__ACTIVITY__.
Copy out the listing below exactly, please, and skip any pictures.

__INFORMATION PROVIDED__.
━━━━━━━━━━
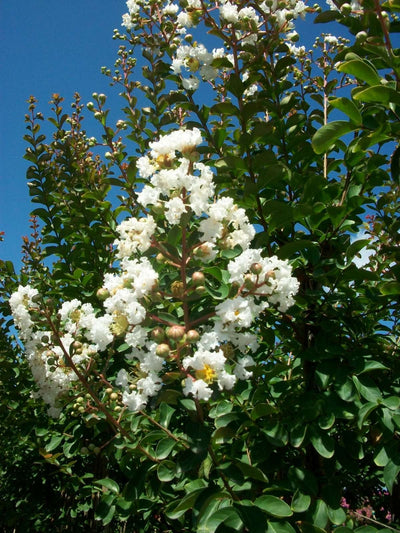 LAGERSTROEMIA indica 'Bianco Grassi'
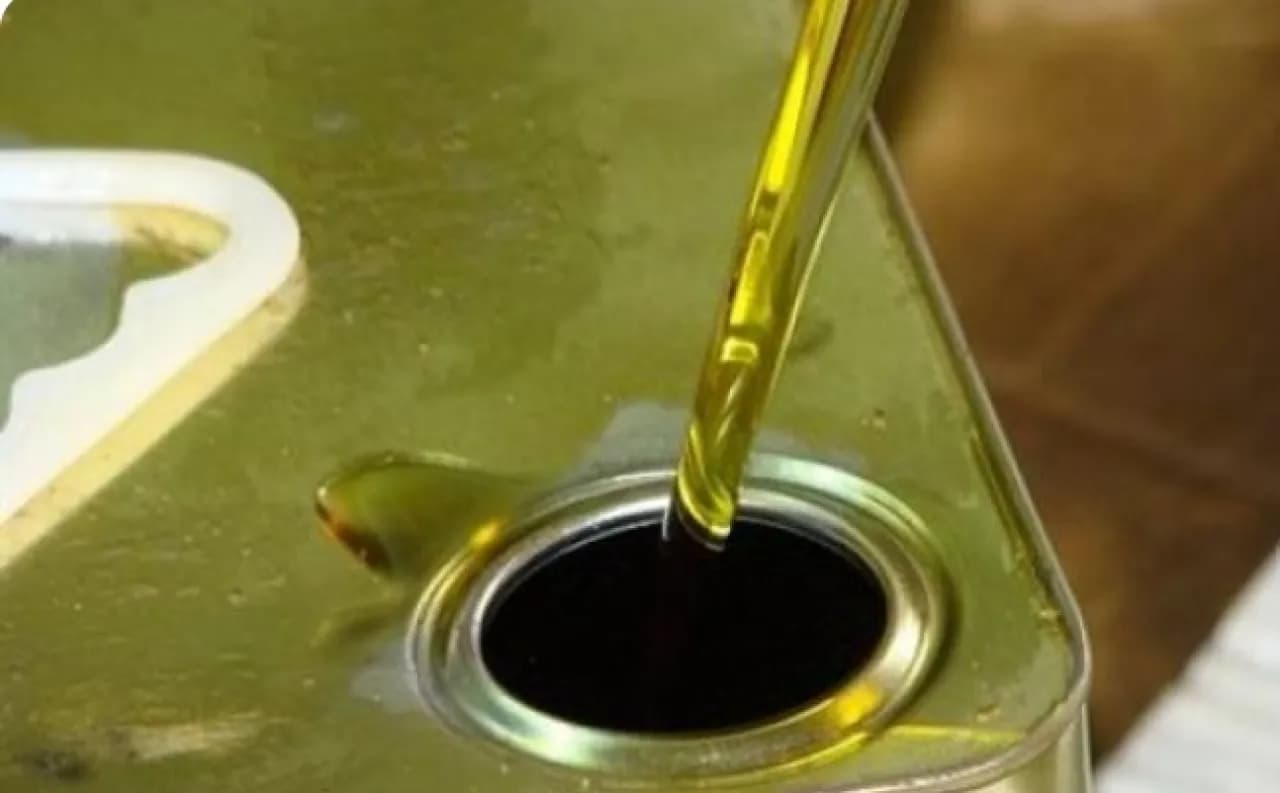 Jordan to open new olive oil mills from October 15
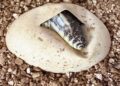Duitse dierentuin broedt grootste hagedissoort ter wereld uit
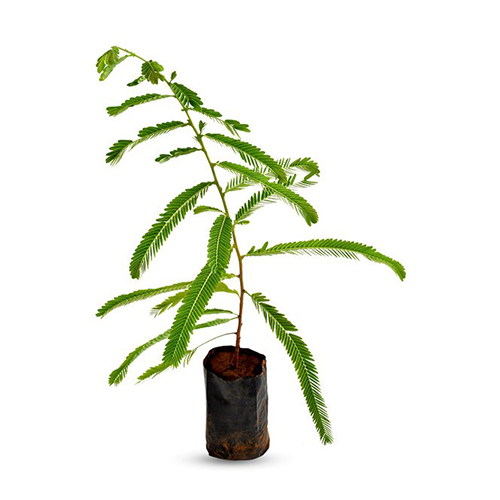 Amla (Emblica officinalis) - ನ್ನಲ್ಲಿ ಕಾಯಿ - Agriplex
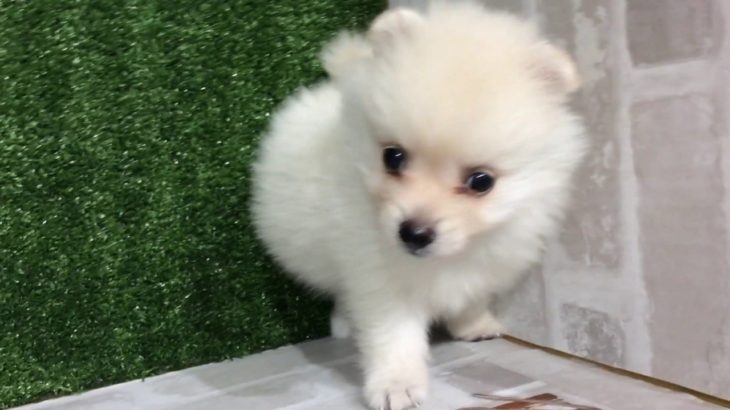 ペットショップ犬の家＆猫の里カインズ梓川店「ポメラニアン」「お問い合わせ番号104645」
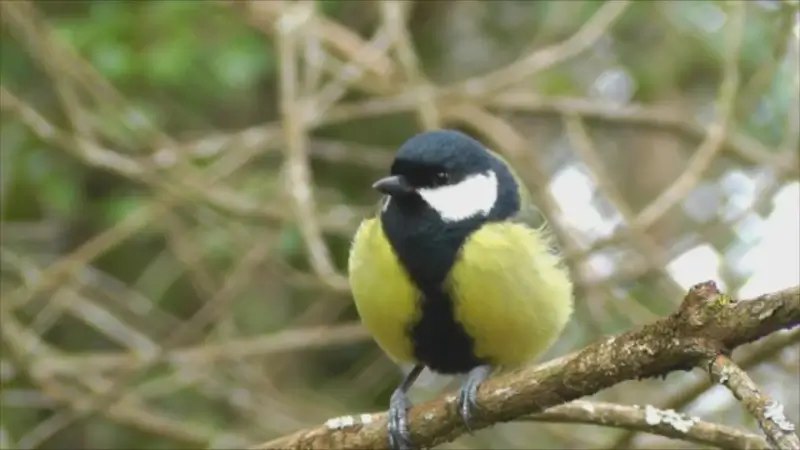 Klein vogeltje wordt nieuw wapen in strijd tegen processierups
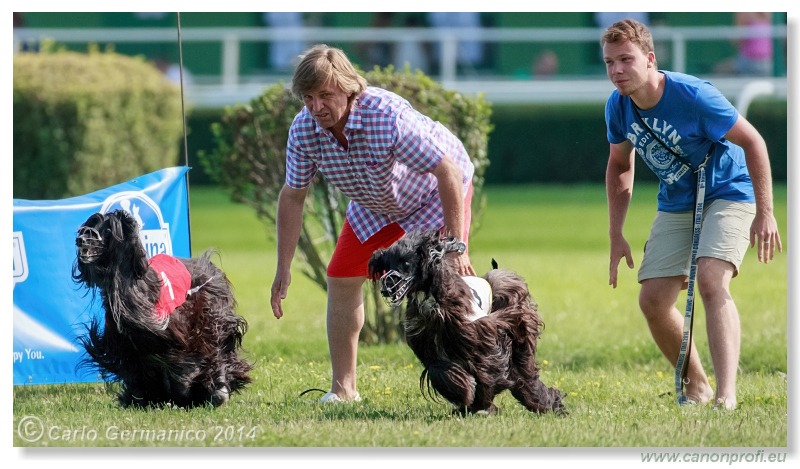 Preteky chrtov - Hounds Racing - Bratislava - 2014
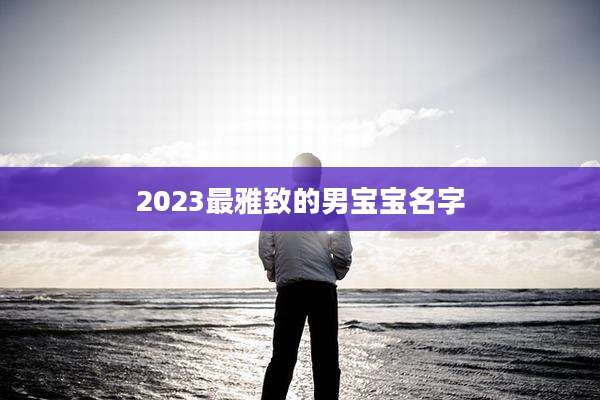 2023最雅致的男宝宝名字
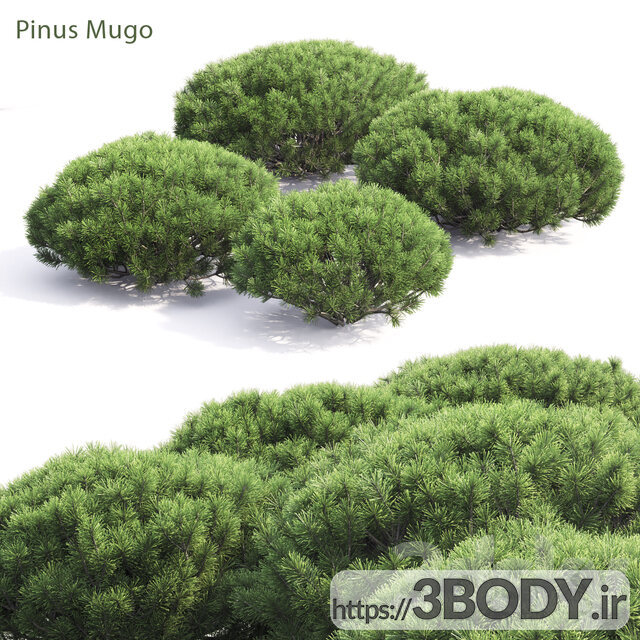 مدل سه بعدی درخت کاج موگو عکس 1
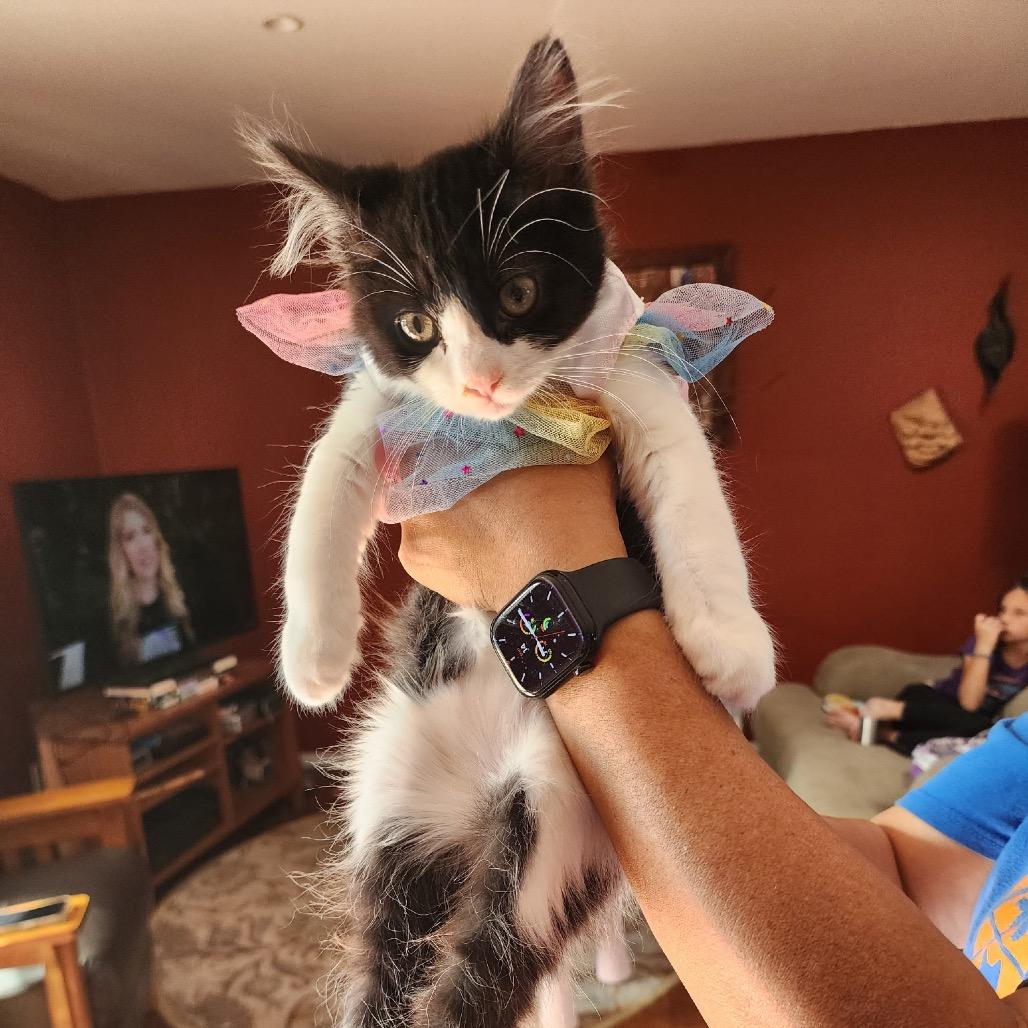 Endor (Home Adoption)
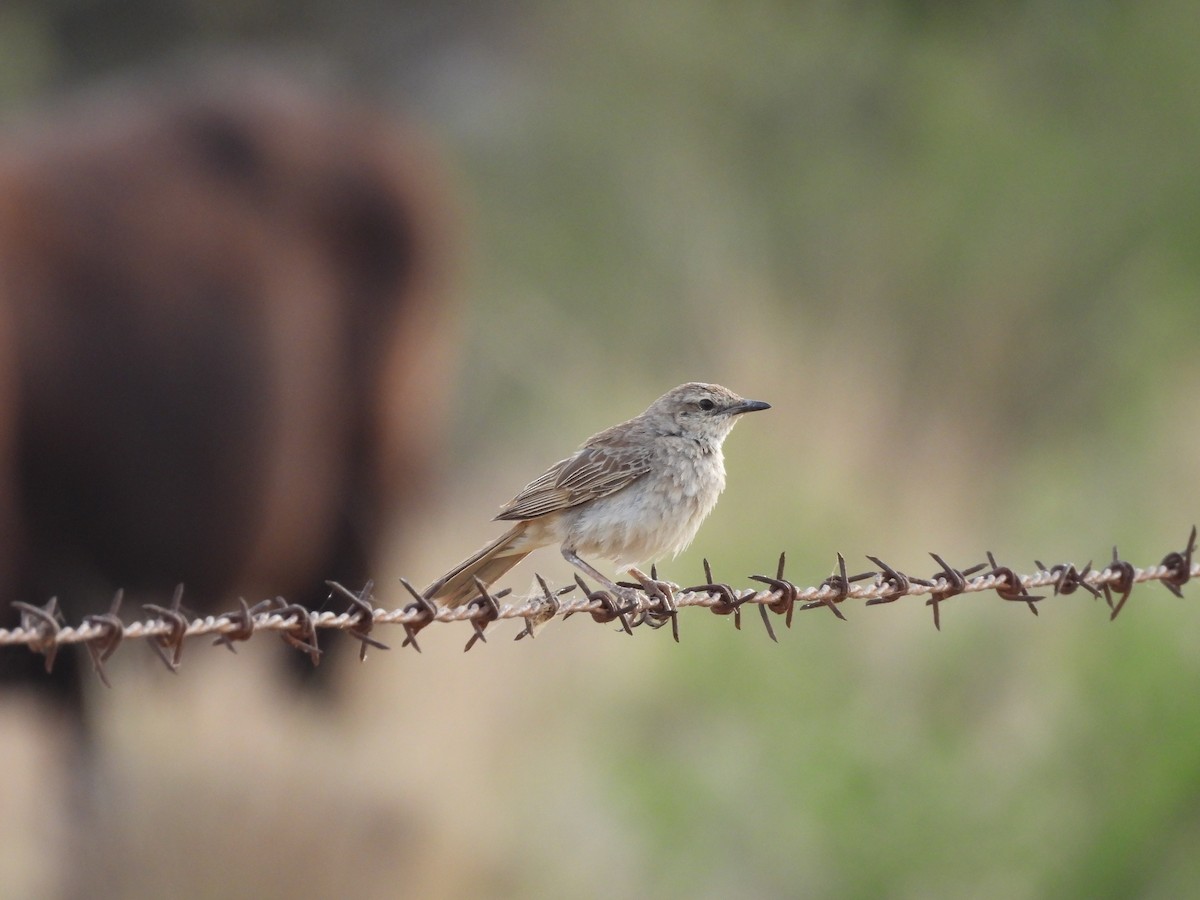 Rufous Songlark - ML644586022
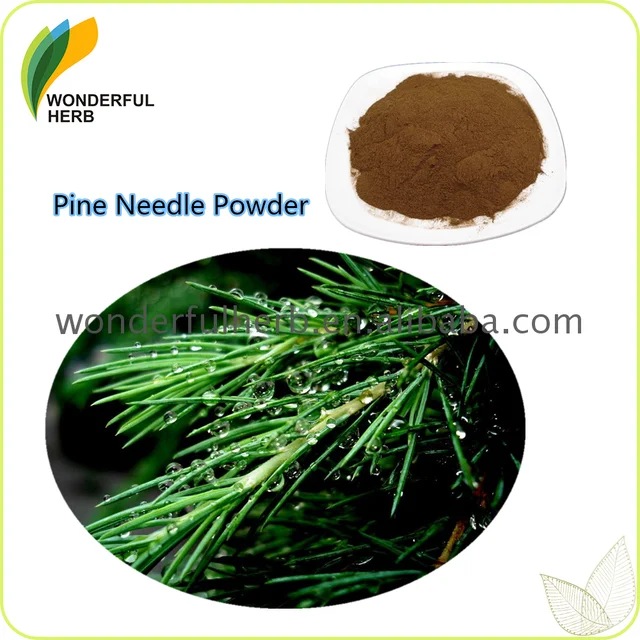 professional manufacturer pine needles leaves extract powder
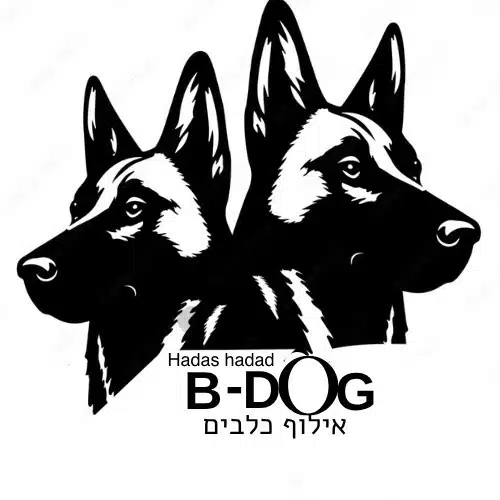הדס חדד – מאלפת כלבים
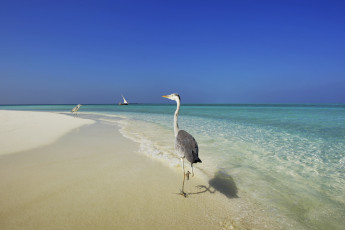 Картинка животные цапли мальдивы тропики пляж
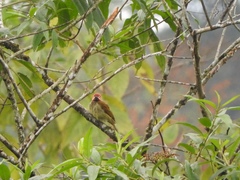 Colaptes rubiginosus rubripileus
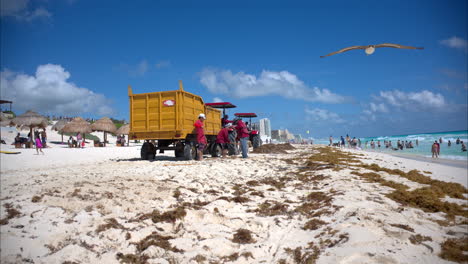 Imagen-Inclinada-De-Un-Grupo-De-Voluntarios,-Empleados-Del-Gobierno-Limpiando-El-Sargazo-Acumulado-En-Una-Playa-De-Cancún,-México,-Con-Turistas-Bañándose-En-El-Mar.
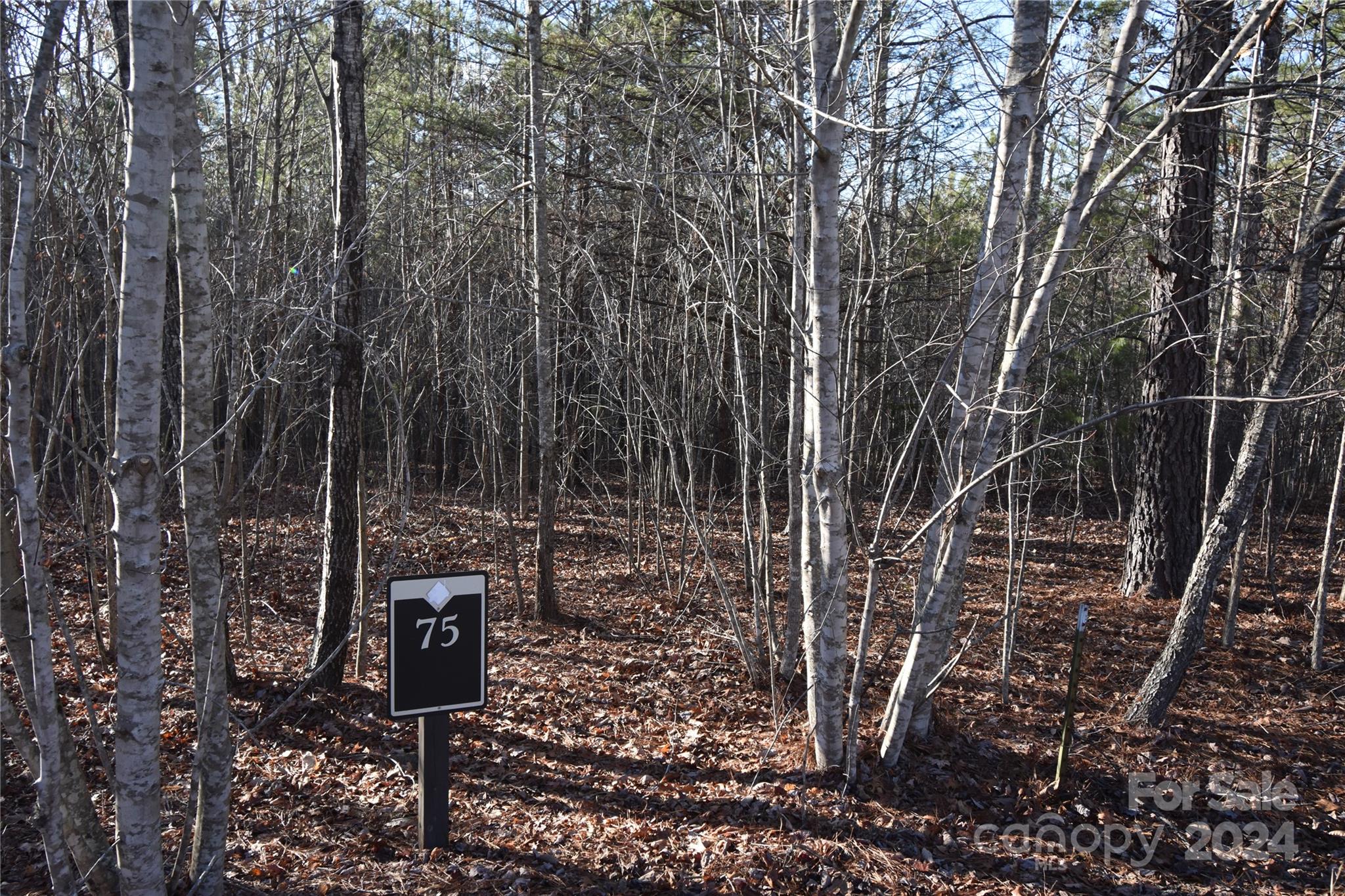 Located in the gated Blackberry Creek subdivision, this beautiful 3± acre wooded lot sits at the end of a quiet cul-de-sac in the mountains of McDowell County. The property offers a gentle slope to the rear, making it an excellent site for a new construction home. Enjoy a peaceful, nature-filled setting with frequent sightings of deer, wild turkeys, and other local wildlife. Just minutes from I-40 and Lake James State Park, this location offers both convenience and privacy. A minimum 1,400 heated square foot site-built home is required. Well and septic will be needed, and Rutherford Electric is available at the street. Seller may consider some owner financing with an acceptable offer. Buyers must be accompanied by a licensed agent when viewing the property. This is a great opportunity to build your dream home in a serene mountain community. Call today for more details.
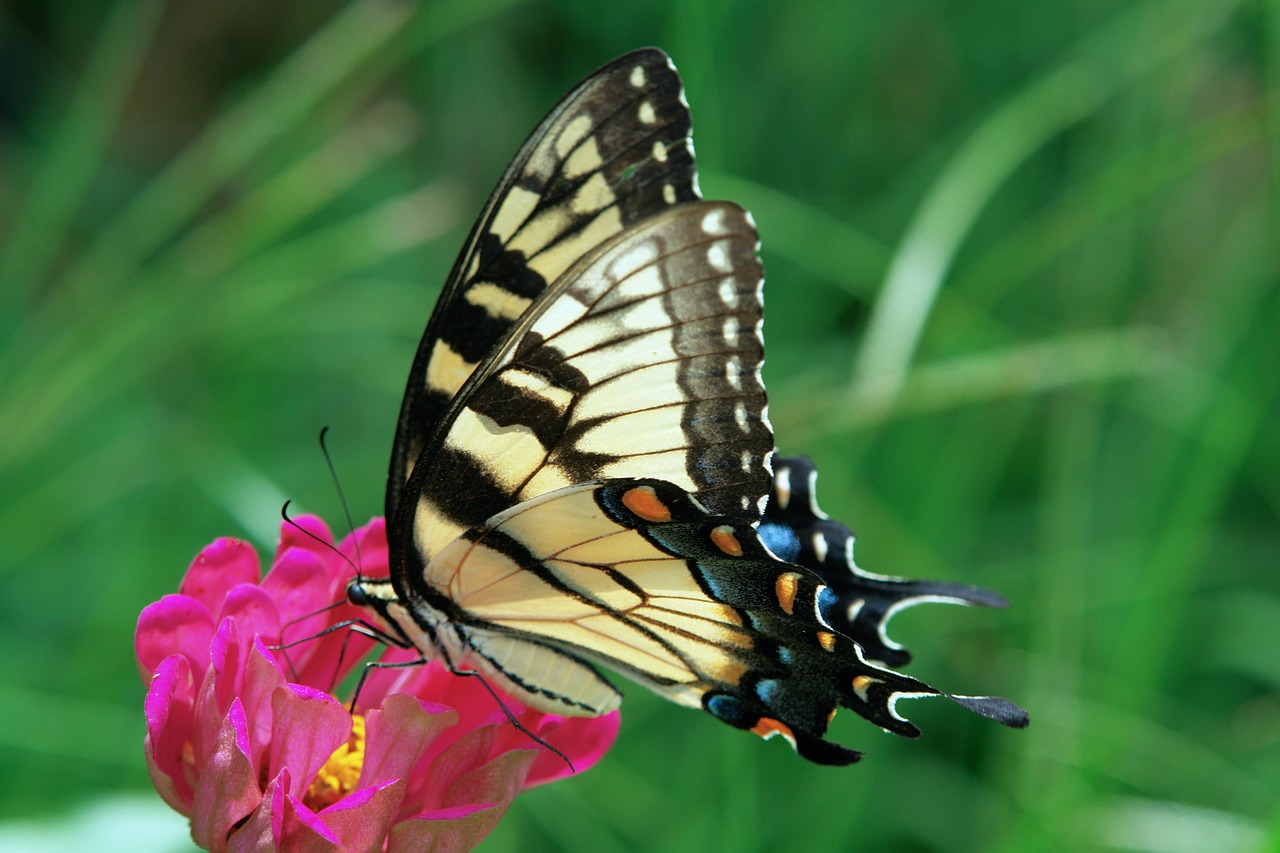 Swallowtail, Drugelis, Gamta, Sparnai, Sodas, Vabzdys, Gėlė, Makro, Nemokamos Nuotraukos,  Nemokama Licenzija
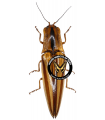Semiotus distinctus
━━━━━━━━━━
__EXERCISE SOLUTION__.
 LAGERSTROEMIA indica 'Bianco Grassi'
 Jordan to open new olive oil mills from October 15
Duitse dierentuin broedt grootste hagedissoort ter wereld uit
 Amla (Emblica officinalis) - ನ್ನಲ್ಲಿ ಕಾಯಿ - Agriplex
 ペットショップ犬の家＆猫の里カインズ梓川店「ポメラニアン」「お問い合わせ番号104645」
 Klein vogeltje wordt nieuw wapen in strijd tegen processierups
 Preteky chrtov - Hounds Racing - Bratislava - 2014
 2023最雅致的男宝宝名字
 مدل سه بعدی درخت کاج موگو عکس 1
 Endor (Home Adoption)
 Rufous Songlark - ML644586022
 professional manufacturer pine needles leaves extract powder
הדס חדד – מאלפת כלבים
 Картинка животные цапли мальдивы тропики пляж
 Colaptes rubiginosus rubripileus
 Imagen-Inclinada-De-Un-Grupo-De-Voluntarios,-Empleados-Del-Gobierno-Limpiando-El-Sargazo-Acumulado-En-Una-Playa-De-Cancún,-México,-Con-Turistas-Bañándose-En-El-Mar.
 Located in the gated Blackberry Creek subdivision, this beautiful 3± acre wooded lot sits at the end of a quiet cul-de-sac in the mountains of McDowell County. The property offers a gentle slope to the rear, making it an excellent site for a new construction home. Enjoy a peaceful, nature-filled setting with frequent sightings of deer, wild turkeys, and other local wildlife. Just minutes from I-40 and Lake James State Park, this location offers both convenience and privacy. A minimum 1,400 heated square foot site-built home is required. Well and septic will be needed, and Rutherford Electric is available at the street. Seller may consider some owner financing with an acceptable offer. Buyers must be accompanied by a licensed agent when viewing the property. This is a great opportunity to build your dream home in a serene mountain community. Call today for more details.
 Swallowtail, Drugelis, Gamta, Sparnai, Sodas, Vabzdys, Gėlė, Makro, Nemokamos Nuotraukos,  Nemokama Licenzija
Semiotus distinctus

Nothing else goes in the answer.